Solved: Re: Proc Append challenge

ANWZimmerman · Posted 03-16-2016 04:36 PM

I'm struggling a bit, I really want the best of both worlds and I'm frustrated that I can't get it as easily as I think I should.

I really want to use Proc Append because the first time I hit this point in my code the base dataset won't exist.

BUT the next time I hit this point there could be a new field, and I don't want to drop it, I want to add it.

AND if there is a difference in lengths, I don't want the BASE to overrule, I want the biggest one to win so I don't truncate any data.

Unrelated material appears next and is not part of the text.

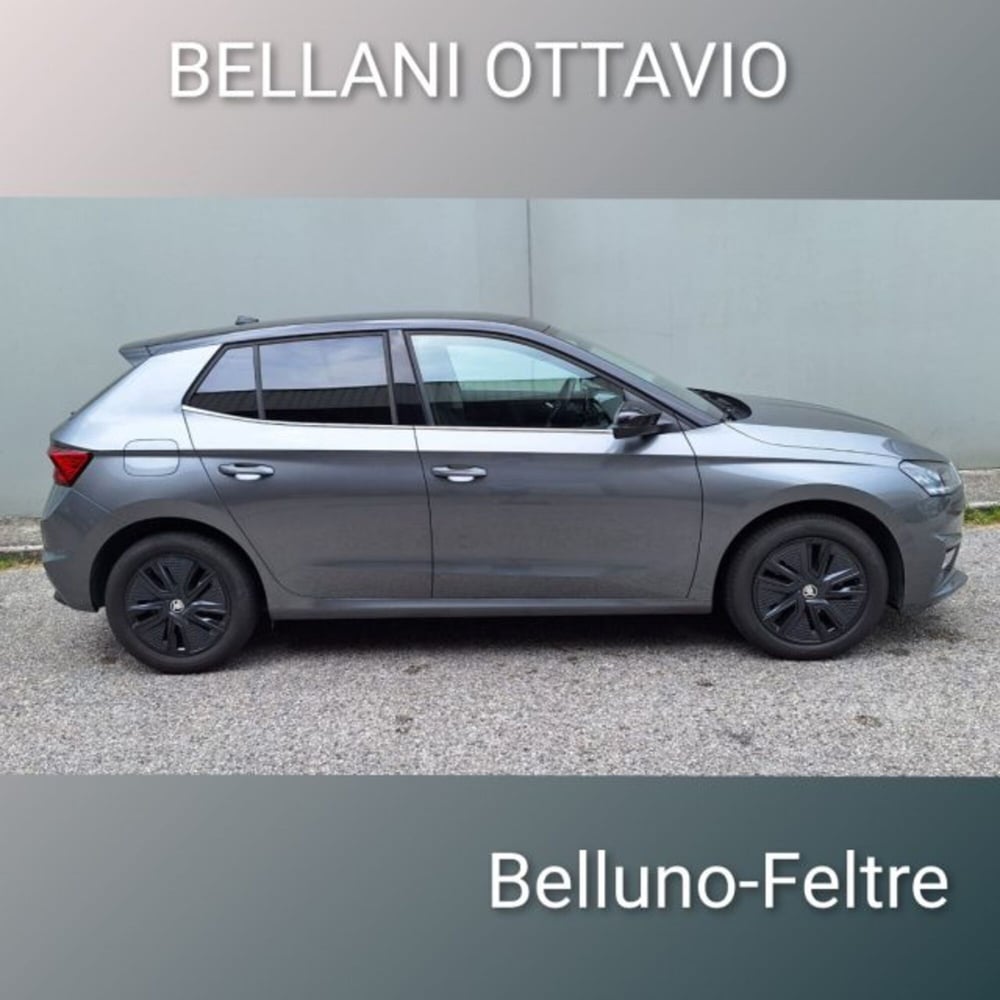 Skoda Fabia usata a Belluno (4)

Force will make them get concatenated even though there are difference, but it drop the new columns I want to keep, and if my new data is wider than the previous it'll get truncated.

Right now I suspect my best option is to use a SET statement, with LENGTH defined for all fields a little bigger than I think I need, and then use macro to see if BASE already exists and skip it's inclusion on the SET statement if it doesn't.

Any more elegant solutions I'm missing?

Probably doesn't impact but this is 9.4 sp3.

Astounding · Posted 03-16-2016 04:48 PM

I think SQL would be your best bet. Consider something along these lines:

proc sql;

create table combined as select * from source1 union * from source2;

quit;

You lose the APPEND advantage of skipping reading both data sets. But SQL can automatically select the longest length needed (for a common field) from the various sources.

Good luck.

View solution in original post

LinusH · Posted 03-16-2016 04:44 PM

I think you summed it up quite nice.

Bottom line is, you can't change the structure of a data set without rewriting it back to disk.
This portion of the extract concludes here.